Bath   That's Baahth. You couldn't want an ensemble of more interesting architecture. In the 1700's it was the place for society to go. There are long streets of classical townhouses in golden Bath stone, and I've never seen anything like The Circus, which has a round park with huge oak trees in the middle, and all around the circle maybe 70-80 identical townhouses with columns, interrupted by three equidistant streets exiting the Circus. Jane Austen wrote all about it, and there's a museum for her. There's the Assembly Rooms where Society met, drank tea, played cards and dahnced. And our book pointed out the one townhouse where you can go peek in the window near the entrance to see a niche in the entryway filled with blue Delft tiles. It was used for gentlemen entering to powder their wigs.

 
 

Transporter Bridge   There are a number of engineering landmarks that are highly worthwhile, such as the cable cars in San Francisco. I highly recommended seeing the film "Billy Elliot", and if you did, there's the scene where he's talking to his ballet teacher as they're sitting on and in her car and they look up to see cables and some sort of a bridge structure, and I always wondered what it was. I've checked it out, and it turns out it was the transporter bridge (that's trahnspawta) in Middlesbrough, in the north of England. It turns out there were a number of these bridges built at the turn of the century, including one in Duluth, but most are gone now. There is only one other in Britain, and we went to ride it. It's in Newport, near Cardiff, Wales, and dates from 1906, restored ten years ago. It's a Class One Listed (landmarked) structure. I've learned that, wherever a ferry or a fixed bridge roadway was impractical for shipping (here the tidal variation was too great) an aerial ferry was used on a transporter bridge (Photo by Hywel Williams). A platform-like gondola (Photo by Adrian Pingstone) holding passengers and six cars hangs from the top of the bridge to make the crossing. Great fun.

 
 

Welsh   I'm glad to see that the revival of the Welsh language has made such great inroads. Every road sign, and many private signs, are in both English and Welsh. In South Wales, where English is more common, English is written first above the Welsh version, but in the north, where we are at the moment in Caernarfon, Welsh is written first, above the English, since here is where the language has more strength. I understand about 20% of the population in Wales has Welsh as their first language. We heard kids chattering in the street in it.

 
 

The Irish Sea   The ferry crossing over the Irish Sea from Wales to Ireland goes incredibly smoothly now.
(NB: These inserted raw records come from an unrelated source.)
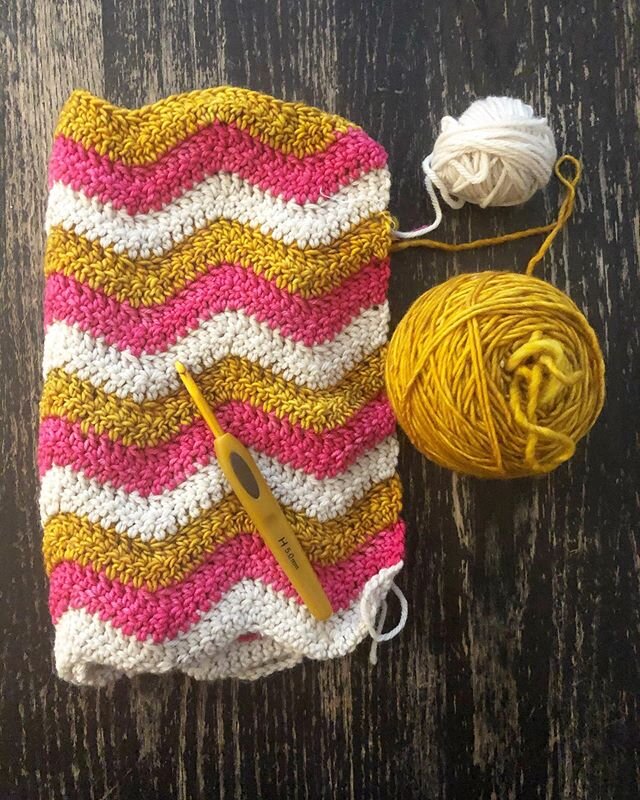 I fell in love with these colors. I started making a baby blanket while looking for more skeins of these colors. I couldn&rsquo;t find more yarn so I set the project aside because I didn&rsquo;t think that I had enough. Now I want to finish it. Just 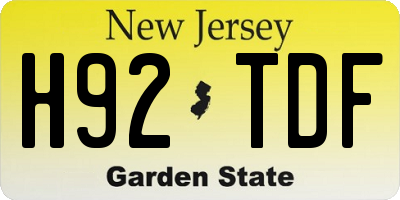 NJ license plate H92TDF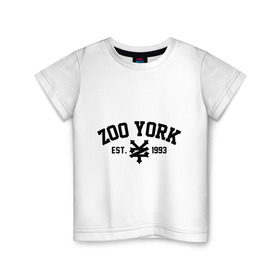 Детская футболка хлопок с принтом Zoo York в Кировске, 100% хлопок | круглый вырез горловины, полуприлегающий силуэт, длина до линии бедер | 300 | york | zoo | антибренд | зоо | йорк
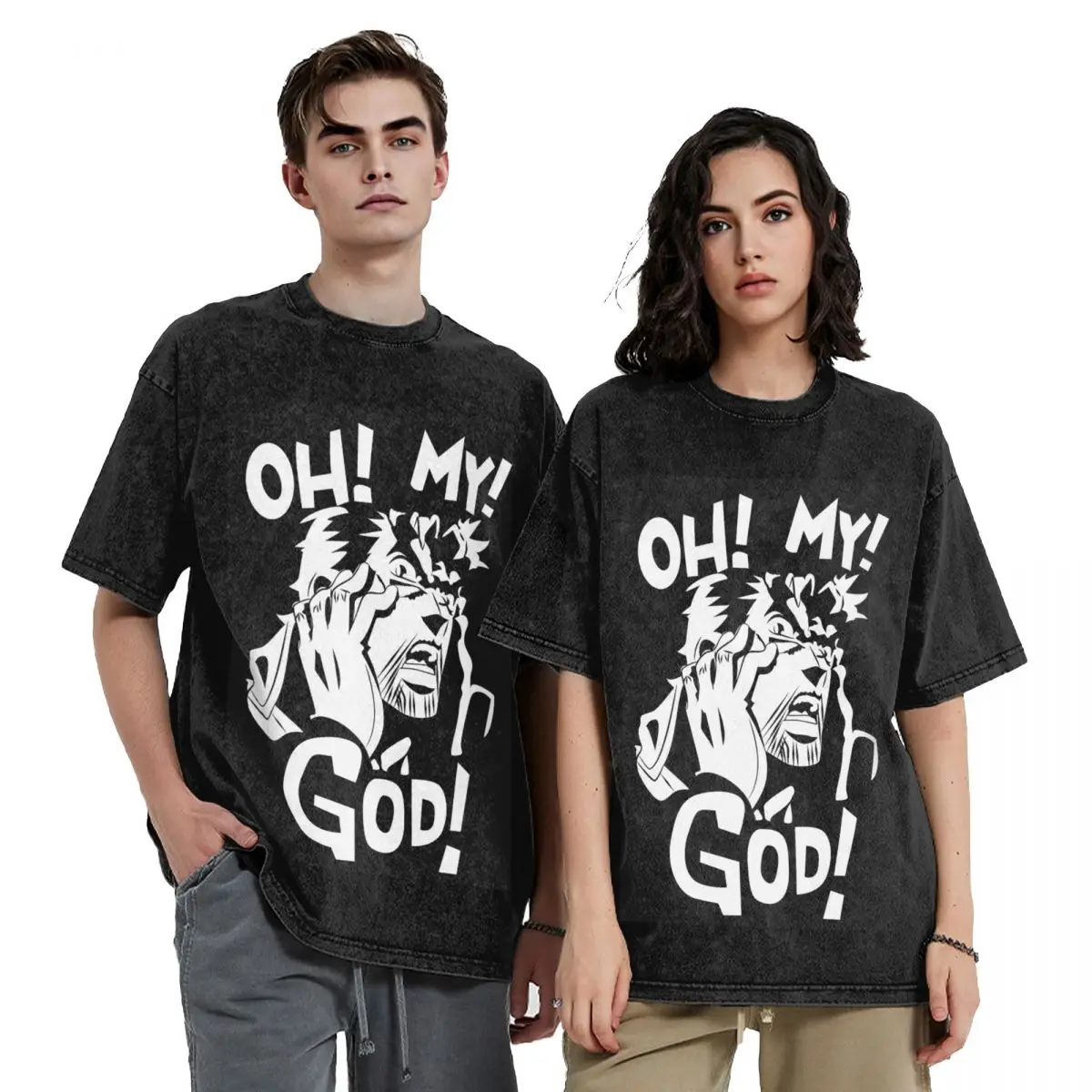 Joseph Joestar Oh My God Jojo Bizarre Adventure Hip Hop Short Sleeve T-Shirts Washed Tops Tees Streetwear T Shirt for Men woman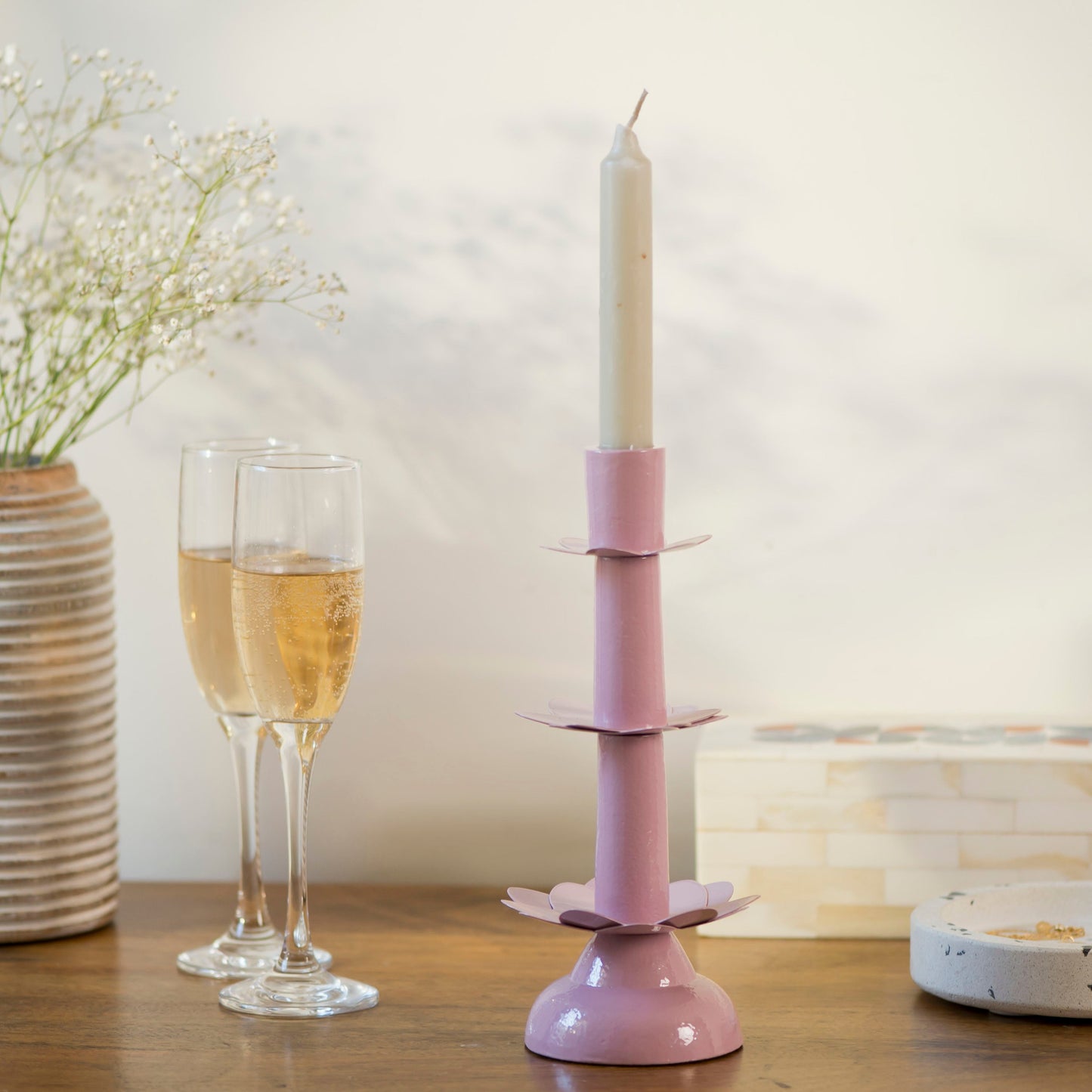 Lotus Bloom Tapered Aluminum Candleholder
I remember years ago it took hours, now it's a hydrofoil with only the sides of the ship resting on what looks like "walls" below, with the whole center of the ship up out of the water. It takes a scheduled 1h 49 m. The crossing we'll take from N. Ireland to Scotland, also a hydrofoil, is only 1h. And I was able to book them both online, and at a discount at that. I picked up the tickets on arrival.

 
 

Irish Gaelic   I have to make a comment about Irish Gaelic. Signs here (but clearly not in N. Ireland) are in Gaelic first, then English, and have been for many years. But poor Gaelic. If you think French has a lot of silent letters, and English (knife, night), and could do with some spelling reform (which I do), pity Gaelic. The language has evolved, but the spelling remains as it was centuries ago. It's the most distorted spelling system I've ever seen, and is in need of reform. Although our ferry came right into Dublin, last time it came in (and many still do) to the Dublin suburb of Dun Laoghaire. Years ago I wondered how to pronounce it. This trip I learned it's pronounced Dun Leary. Laoghaire is actually the spelling for Leary. Go figure.